Despite the recent popularity of cloud-based Communications as a Service (CaaS), there is still a large part of the call center industry dedicated to on-premise solutions. Whether you are setting up your first call center or planning to add new call center locations, you need to know the facts about both cloud-based and on-premise call center software.
Cloud-based call center software has become increasingly popular over recent years. It’s flexible, cost-effective, and easy to set up. But, many businesses, especially large corporations, are hesitant to move away from on-premise solutions.
Whether you’re launching your first contact center, or trying to make the best decision for the future, it’s important to truly understand your options. In this post, we’ll take review the top pros and cons of on-premise call center software to help you make the right decision for your business.

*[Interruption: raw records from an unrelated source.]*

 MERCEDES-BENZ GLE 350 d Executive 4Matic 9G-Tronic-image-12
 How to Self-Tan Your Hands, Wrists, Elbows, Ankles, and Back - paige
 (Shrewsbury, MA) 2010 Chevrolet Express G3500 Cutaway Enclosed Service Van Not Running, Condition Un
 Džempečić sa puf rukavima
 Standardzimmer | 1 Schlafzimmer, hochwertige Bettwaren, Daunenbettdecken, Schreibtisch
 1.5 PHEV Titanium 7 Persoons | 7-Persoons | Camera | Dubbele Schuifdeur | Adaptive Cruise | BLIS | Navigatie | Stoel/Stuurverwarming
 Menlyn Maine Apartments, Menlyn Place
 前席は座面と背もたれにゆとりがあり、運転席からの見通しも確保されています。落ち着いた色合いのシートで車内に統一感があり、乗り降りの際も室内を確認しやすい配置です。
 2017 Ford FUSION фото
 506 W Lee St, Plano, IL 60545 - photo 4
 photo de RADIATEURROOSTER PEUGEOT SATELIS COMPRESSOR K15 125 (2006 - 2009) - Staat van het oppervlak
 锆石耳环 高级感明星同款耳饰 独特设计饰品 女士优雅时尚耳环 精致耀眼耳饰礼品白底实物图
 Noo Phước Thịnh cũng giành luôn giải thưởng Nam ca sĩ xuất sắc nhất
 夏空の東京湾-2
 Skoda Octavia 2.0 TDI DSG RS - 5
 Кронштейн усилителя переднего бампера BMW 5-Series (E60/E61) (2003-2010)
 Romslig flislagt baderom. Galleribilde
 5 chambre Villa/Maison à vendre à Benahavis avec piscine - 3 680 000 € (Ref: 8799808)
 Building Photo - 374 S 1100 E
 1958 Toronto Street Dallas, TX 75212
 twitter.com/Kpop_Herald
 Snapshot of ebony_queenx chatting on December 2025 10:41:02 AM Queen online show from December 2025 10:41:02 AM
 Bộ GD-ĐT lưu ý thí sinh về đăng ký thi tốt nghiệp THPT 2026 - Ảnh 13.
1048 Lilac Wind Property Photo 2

Pros and Cons of On-Premise Call Center Software
On-premise call center software still makes up a large part of the contact center industry. Here are a few of the reasons why some businesses opt for legacy solutions:
Maintenance and Control
Businesses that choose premise-based call center software are solely responsible for maintenance and updates. This means that you have complete control over when and how upgrades occur. But, it also means that your business relies heavily on in-house or outsourced IT staff. Plus, you’re stuck with the costs associated with ongoing maintenance and repairs. For some companies, the ability to maintain and control an on-premise solution is an advantage; but others would rather not deal with the hassle of hiring IT staff and performing all maintenance without the help of a provider.
Proponents of on-premise software often focus on the question of reliability, especially when it comes to hard phones and VoIP phones. These companies insist that a direct connection is the only reliable connection.
And this isn’t entirely untrue. Virtual call center software runs over the Internet. If your Internet connection is not reliable, your call quality may suffer. If your business plans to use a cloud-based solution instead of a premise-based one, it is important to ensure that you have a reliable Internet Service Provider (ISP).
Although premise-based software works for some companies, it does have its drawbacks. Here are a few reasons why some businesses choose to use cloud-based solutions:
On-premise call center software requires the installation and maintenance of on-site hardware, including a PBX, phones, and direct lines. While this may afford a sense of added reliability, it’s not a flexible solution. Cloud-based software offers all of the same functionality of on-premise solutions, but is far more scalable. If you need to add or remove agents based on seasonality, you simply contact your provider. The provider will provision or remove seats and lines as necessary without the need of on-site installation.
If your business uses on-premise call center software, your agents need to be on-site in order to be logged into the system. And as a call center manager, you need to be physically present to monitor calls, check reports, and keep an eye on daily activities.
Cloud-based call center software allows call center managers and agents to work from anywhere. It runs on the Internet, so you can log into the system (and your softphone) anywhere that you have a reliable Internet connection. This means that your company can recruit remote agents and save money on equipment and property costs.
Premise-based call center software may seem to offer higher levels of reliability. But, what happens when disaster strikes? If a flood, fire, or any other natural disaster affects your direct phone lines, your call center may experience outages.
Cloud-based call center software has built-in disaster recovery mechanism. Because it is hosted via the Internet, you don’t have to worry about unforeseen events affecting your phone service. Plus, most virtual call center providers offer multiple layers of backup and redundancy, so no single point of failure will affect your call center.